<<<<
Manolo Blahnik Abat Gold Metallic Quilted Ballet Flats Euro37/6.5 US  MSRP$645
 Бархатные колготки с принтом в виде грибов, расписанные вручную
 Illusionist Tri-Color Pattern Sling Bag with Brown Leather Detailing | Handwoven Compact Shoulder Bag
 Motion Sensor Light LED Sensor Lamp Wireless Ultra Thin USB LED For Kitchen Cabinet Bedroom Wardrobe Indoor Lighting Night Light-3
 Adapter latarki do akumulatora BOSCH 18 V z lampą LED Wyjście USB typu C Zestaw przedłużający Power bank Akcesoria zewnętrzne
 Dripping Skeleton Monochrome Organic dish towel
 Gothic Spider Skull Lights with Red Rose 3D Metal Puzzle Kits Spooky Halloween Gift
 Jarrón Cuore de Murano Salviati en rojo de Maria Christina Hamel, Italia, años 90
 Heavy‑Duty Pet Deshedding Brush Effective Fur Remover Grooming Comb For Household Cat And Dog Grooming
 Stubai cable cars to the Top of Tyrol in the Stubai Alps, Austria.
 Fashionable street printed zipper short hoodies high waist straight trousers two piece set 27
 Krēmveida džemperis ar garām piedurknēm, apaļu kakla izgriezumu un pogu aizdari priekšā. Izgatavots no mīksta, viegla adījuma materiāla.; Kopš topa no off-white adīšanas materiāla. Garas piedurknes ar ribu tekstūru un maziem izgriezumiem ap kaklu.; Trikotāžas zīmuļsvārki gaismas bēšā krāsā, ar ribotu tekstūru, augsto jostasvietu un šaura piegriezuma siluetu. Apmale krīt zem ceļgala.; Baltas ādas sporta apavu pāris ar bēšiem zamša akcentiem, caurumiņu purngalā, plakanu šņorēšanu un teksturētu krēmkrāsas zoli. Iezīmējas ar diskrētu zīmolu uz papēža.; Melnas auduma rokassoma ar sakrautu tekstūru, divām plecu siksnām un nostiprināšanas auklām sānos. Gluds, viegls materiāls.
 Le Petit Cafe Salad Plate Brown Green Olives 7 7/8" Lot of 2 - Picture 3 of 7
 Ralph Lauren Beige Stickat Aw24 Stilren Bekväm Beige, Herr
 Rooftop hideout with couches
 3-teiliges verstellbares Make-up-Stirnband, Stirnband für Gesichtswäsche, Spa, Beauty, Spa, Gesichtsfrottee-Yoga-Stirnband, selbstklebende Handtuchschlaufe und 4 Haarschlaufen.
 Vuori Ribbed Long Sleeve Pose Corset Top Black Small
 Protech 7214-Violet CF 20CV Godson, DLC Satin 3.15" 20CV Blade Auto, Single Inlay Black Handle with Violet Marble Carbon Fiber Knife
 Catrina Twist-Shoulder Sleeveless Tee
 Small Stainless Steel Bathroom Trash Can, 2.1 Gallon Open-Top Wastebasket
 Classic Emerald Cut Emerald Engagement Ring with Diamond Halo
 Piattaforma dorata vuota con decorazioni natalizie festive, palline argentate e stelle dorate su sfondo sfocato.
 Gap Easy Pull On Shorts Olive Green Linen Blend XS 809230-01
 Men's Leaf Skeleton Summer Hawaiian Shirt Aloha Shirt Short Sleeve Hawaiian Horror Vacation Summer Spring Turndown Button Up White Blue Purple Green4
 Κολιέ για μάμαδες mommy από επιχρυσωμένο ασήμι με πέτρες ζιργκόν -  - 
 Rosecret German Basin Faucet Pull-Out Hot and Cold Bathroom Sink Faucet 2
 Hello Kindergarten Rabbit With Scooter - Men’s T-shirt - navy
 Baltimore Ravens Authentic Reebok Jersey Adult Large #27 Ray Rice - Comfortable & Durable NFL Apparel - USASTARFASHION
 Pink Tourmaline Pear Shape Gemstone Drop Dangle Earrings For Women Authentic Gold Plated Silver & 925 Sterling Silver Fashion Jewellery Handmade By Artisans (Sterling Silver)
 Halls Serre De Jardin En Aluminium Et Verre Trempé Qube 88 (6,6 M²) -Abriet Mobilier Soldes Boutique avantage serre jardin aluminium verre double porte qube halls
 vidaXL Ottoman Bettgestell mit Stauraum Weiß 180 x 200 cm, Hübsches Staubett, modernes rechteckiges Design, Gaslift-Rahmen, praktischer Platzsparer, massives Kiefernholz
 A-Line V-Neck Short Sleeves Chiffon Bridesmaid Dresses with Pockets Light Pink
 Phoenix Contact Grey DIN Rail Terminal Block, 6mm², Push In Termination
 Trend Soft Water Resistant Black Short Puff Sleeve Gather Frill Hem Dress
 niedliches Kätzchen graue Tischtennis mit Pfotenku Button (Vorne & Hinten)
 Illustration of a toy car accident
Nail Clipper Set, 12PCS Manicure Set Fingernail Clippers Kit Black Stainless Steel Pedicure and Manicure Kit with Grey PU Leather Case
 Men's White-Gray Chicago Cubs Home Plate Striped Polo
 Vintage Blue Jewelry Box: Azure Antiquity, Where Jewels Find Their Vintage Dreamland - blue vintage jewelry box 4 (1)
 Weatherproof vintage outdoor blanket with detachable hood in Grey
>>>>
Instructions to follow: Emit verbatim the lines running from the one with "Nail Clipper Set, 12PCS" through the last line of the data, both endpoints inclusive.

Answer section:
Nail Clipper Set, 12PCS Manicure Set Fingernail Clippers Kit Black Stainless Steel Pedicure and Manicure Kit with Grey PU Leather Case
 Men's White-Gray Chicago Cubs Home Plate Striped Polo
 Vintage Blue Jewelry Box: Azure Antiquity, Where Jewels Find Their Vintage Dreamland - blue vintage jewelry box 4 (1)
 Weatherproof vintage outdoor blanket with detachable hood in Grey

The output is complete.